ECE4100 Lab 3-Out-of-Order Pipeline Solution

Advanced Computer Architecture
Lab 3: Out-of-Order Pipeline with In-Order Commit 

This is an individual assignment. You can discuss this assignment with other classmates but you should code your assignment individually. You are NOT allowed to see the code of (or show your code to) other students.

OBJECTIVE
The objective of the third programming assignment is to do a performance evaluation of an outof-order machine. In particular, you will equip the code to do register renaming, implement different scheduling algorithms (in order and out-of-order), and use a ROB to maintain a precise state. You will initially implement a 1-wide pipeline and later extend it to a 2-wide superscalar pipeline.

PROBLEM DESCRIPTION

A seven stage out-of-order pipeline is shown in the Figure above. It consists of Fetch, Decode, Issue, Schedule, Execute, Writeback, and Commit stages. The newly added units include the Register Alias Table (RAT) and the ReOrder Buffer (ROB). More details about these individual units and newly added stages can be found in the handout for this lab. To simplify this assignment, we will assume perfect branch prediction. We will ignore the cc_read and cc_write operations generated by the instructions (otherwise, you would need to rename the cc register also). We will also assume that memory instructions (LD/ST) in the pipeline do not conflict with each other, to avoid the complexity of the hardware associated with memory disambiguation.
We will assume that all instructions, except LD, incur a latency of 1 cycle to execute. The latency of the LD instructions can be varied using configuration parameters.

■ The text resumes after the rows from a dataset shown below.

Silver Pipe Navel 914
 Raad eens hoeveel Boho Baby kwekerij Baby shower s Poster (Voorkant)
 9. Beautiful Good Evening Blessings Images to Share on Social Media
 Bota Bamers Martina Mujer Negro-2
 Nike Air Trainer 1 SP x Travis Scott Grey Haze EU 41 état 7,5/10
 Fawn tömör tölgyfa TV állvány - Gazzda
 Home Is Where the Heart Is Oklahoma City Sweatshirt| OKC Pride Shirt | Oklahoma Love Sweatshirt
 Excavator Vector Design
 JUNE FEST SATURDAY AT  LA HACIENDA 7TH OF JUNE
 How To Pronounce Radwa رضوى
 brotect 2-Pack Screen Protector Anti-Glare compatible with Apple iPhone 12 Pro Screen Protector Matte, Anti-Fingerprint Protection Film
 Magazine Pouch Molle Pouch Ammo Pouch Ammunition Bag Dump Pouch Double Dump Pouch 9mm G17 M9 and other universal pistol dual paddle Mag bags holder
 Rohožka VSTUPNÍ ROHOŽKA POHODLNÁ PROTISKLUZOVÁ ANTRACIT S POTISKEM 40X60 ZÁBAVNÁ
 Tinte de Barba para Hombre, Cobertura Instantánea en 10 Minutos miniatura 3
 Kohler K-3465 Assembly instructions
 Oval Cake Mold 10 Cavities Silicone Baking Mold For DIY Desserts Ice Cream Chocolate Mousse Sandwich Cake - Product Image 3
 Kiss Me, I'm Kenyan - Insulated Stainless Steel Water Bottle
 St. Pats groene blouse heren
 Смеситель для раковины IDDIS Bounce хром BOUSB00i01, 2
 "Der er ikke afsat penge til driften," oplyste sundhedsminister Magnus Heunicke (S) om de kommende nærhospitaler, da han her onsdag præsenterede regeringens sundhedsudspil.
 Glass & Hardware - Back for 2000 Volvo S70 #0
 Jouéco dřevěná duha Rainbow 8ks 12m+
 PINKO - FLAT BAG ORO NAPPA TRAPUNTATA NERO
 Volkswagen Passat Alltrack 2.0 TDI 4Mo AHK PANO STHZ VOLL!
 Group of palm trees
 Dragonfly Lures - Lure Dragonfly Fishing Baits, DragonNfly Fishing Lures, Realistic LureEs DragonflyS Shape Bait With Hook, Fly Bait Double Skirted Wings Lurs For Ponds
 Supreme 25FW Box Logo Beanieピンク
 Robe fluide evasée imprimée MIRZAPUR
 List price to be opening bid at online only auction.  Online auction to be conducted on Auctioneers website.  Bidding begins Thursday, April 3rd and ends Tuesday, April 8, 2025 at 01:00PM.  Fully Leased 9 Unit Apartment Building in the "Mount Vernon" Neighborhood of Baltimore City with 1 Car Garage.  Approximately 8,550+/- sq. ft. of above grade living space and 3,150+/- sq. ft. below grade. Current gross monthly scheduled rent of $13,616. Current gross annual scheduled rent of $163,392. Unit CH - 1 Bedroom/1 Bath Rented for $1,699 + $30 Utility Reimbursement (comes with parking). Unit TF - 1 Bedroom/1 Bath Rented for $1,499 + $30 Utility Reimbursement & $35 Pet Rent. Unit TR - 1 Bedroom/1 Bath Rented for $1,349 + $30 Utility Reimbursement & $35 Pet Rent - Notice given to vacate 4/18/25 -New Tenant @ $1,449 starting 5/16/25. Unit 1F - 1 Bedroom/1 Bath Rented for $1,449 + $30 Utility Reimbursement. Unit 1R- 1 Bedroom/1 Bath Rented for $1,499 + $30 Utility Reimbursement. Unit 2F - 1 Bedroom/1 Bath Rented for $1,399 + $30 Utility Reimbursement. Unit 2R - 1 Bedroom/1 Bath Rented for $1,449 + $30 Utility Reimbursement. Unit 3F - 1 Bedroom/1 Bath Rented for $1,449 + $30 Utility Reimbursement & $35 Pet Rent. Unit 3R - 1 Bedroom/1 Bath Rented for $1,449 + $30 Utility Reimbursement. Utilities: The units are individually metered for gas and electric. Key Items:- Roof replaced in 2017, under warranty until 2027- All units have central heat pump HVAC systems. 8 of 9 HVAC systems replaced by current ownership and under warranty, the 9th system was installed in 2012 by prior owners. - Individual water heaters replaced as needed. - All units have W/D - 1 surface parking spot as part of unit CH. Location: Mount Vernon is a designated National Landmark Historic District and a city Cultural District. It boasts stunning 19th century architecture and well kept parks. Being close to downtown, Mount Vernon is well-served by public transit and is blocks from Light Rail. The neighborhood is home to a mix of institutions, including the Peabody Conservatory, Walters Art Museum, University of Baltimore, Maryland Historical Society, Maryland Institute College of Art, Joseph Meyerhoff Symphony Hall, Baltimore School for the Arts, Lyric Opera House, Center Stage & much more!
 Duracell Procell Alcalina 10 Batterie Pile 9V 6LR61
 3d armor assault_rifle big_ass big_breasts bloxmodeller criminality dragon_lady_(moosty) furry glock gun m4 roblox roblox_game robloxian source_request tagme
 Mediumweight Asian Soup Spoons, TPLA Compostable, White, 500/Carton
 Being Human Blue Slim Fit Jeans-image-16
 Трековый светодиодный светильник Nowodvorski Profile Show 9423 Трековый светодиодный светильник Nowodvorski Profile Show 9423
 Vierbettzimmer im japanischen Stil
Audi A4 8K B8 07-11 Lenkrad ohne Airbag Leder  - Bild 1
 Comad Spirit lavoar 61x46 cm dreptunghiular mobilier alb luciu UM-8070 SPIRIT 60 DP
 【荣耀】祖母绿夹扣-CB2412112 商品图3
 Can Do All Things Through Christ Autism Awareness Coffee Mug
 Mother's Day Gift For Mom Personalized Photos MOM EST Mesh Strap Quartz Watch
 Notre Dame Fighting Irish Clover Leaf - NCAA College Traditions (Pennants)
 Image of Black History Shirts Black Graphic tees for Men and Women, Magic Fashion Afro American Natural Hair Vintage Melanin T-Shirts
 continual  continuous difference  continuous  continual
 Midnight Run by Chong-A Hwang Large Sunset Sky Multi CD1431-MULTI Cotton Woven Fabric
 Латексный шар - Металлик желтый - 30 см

We will use a trace driven simulator that is strictly meant for doing timing simulation. To keep the framework simple, we will not be doing any functional simulation -- which means the trace records that is fed to the pipelined machine does not contain any data values, and your pipeline will not track any data values (in REG, Memory, ROB, PC) either. Furthermore, the traces only contain the committed path instructions. The purpose of our simulation is to figure out how many clock cycles it takes to execute the given instruction stream, for a variety of different machines such as different scheduling policies, LD latencies, and pipeline width.

You will be provided with a trace reader, as well as a pipeline machine for which the fetch() decode() and exe() stage are already filled for you. Your job is to do the following:



Part B (9 points): For a 1-wide machine, integrate the created objects in your pipeline and populate the four functions of the pipeline: issue(), schedule(), writeback(), and commit(). You will implement two scheduling policies: in-order and out-of-order (oldest ready first)

What experiments to run:
B.1 Schedule in-order, load latency=1 cycle
./sim -schedpolicy 0 -loadlatency 1
B.2 Schedule ooo-oldest first, load latency=1 cycle
./sim -schedpolicy 1 -loadlatency 1
B.3 Schedule in-order, load latency=4 cycle
./sim -schedpolicy 0 -loadlatency 4
B.4 Schedule ooo-oldest first, load latency=4 cycle
./sim -schedpolicy 1 -loadlatency 4

Part C (Extra Credit: 2 points): Extend your ooo machine to be 2-wide superscalar. Run the same four experiments as in part B, but for a 2-wide machine. (Add -pipewidth 2 to command line.)



WHAT to SUBMIT (on Canvas):
A. For Part A, submit rat.cpp and rob.cpp (note you are allowed to change only the *.cpp files and not the *.h files).
B. For Part B and Part C, you need to submit src.tar.gz and report.txt


REFERENCE MACHINE:
We will use ece-linlabsrv01.ece.gatech.edu as the reference machine for this course. (http://www.ece-help.gatech.edu/labs/unix/names.html).

Before submitting your code ensure that your code compiles on this machine, and generates the desired output (without any extra printf statements). Please follow the submission instructions. If you do not follow the submission file names, you will not receive the full credit. (You will not be penalized if your file names have automatic numeric suffixes added by Canvas, e.g., rat-1.cpp, rob-2.cpp, etc.)

FAQ:

1. What are the convention changes from Lab2 to Lab3
We will use a struct called inst_info to track both the ISA state (src1_reg, src2_reg, dest_reg) as well as microarchitectural state (src1_tag, src2_tag, dr_tag, src1_ready, src2_ready) as well as simulation metadata (inst_num). You can use inst_num to estimate the age of the instruction. Furthermore, we will use “-1” to denote invalid values or when a value is not needed. For example, if src1_reg=-1 it means src1_reg is not needed. This simplifies the number of variables the inst info needs to carry throughout the pipeline.


2. Why are we not simulating condition code?
It will significantly increase the complexity of the pipeline as you would need to rename the cc for each instruction that does a a cc_write. So, in essence an instruction would have two sources and two destinations (destreg and cc). To keep the simulation model tractable (so that students can finish this assignment in a couple of weeks), we will ignore cc read and cc write (in fact, we are ignoring branch instructions altogether, and they are treated as “OP_OTHER” instructions ).